Managing data on Colossus

Available file systems on Colossus

File system	Path	Recommended use
Project directory	`/tsd/pXX/data/durable`	Software, job configurations, input files, processing data in a job. Use it for long-term data storage. Backup enabled.
Cluster directory	`/tsd/pXX/cluster` `(identical to /cluster/projects/pXX)`	Software, job configurations, input files, processing data in a job. Legacy directory that used to be on a separate filesystem.
Home directory	`/tsd/pXX/home/<pXX-user>` `or $HOME`	Software, job configurations. DO NOT use it for processing data in a job.
Scratch	`/cluster/work/jobs/jobid` `or $SCRATCH`	Processing data in a job, chkfile to retain output data.
Local disk space	`$LOCALTMP`	Processing data in a very high I/O job. 100-200 GiB disk quota

(*) Additional disk space can be requested.

Colossus

Project data is stored on the IBM Storage Scale file system. On Colossus this file system is concurrently available on all compute nodes using the global parallel file system (GPFS) over ultra-fast 56 Gbps Infiniband. On the compute nodes its mounted under /gpfs, with symlinks pointing to /cluster/projects/pXX,/ess/pXX for legacy purposes.

Submit host

On the submit hosts, the project data on the IBM Storage Scale file system is available over NFSv4 (with Kerberos authentication, see below) over 1 Gbps ethernet. It's mounted under /ess/pXX with symlinks pointing to several legacy paths. We advice to use references to /ess/pXX in your job scripts.

Project directory

Colossus has access to the project directory via a high-performance parallel filesystem: /tsd/pXX, where pXX is your project number. A single disk quota applies to all its subdirectories (data,home,cluster). The cluster directory no longer resides on a separate filesystem and therefore data does not have to copied there for processing on Colossus.

By default, the entire project directory is backed up. However, there is no backup of the data stored in directories which include no-backup in their paths (e.g. /tsd/pXX/data/no-backup), but daily snapshots are available for the last 7 days in the /tsd/pXX/.snapshots subdirectory.

If you plan to work on TiBs of data that'll change frequently as a result of processing on Colossus, you may copy the data to a no-backup directory for the duration of the analysis. This will exclude temporary file changes from the daily backups and reduce the impact on the backup system.

Serving and keeping track of a parallel cluster file system is a complicated task. While the hardware is high-end, once in a while the GPFS software will get in trouble. When this happens users might experience delay when doing simple commands as "ls" or even hangs. Usually these problems lasts for a very short time, but if there is a serious problem there will be an announcement on the TSD Operational Log and on the Colossus Users email list.

Kerberos authentication

Access to the /ess/pXX file system over NFSv4 requires a valid Kerberos ticket. A valid ticket will grant you access, whereas an expired, invalid ticket will deny access.

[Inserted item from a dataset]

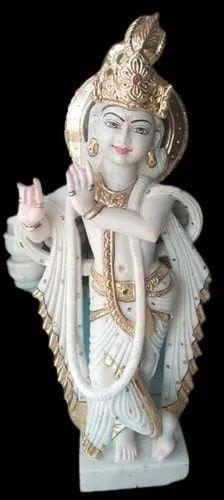 Multi Color 2 Feet Marble Krishna Statue, for Worship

If you connect to the submit host (via ssh or PUTTY) you'll automatically be granted a ticket for a 10 hour session which is automatically renewed up to a week. If the ticket expires after a week, you'll have to log out and back in to restore access. This is the preferred method of obtaining a ticket.

You can also manually obtain a ticket using the kinit command. However, this ticket will not renew and expire after 10 hours. We advice you not to use this command. Obtaining automatic and manual tickets at the same time may result in permission denied errors if one of the tickets expires while the other is still valid.

Kerberos authentication requires password authentication, hence you'll not be given a ticket if you connect using ssh keys. Please disable ssh keys on the submit host and use password authentication instead.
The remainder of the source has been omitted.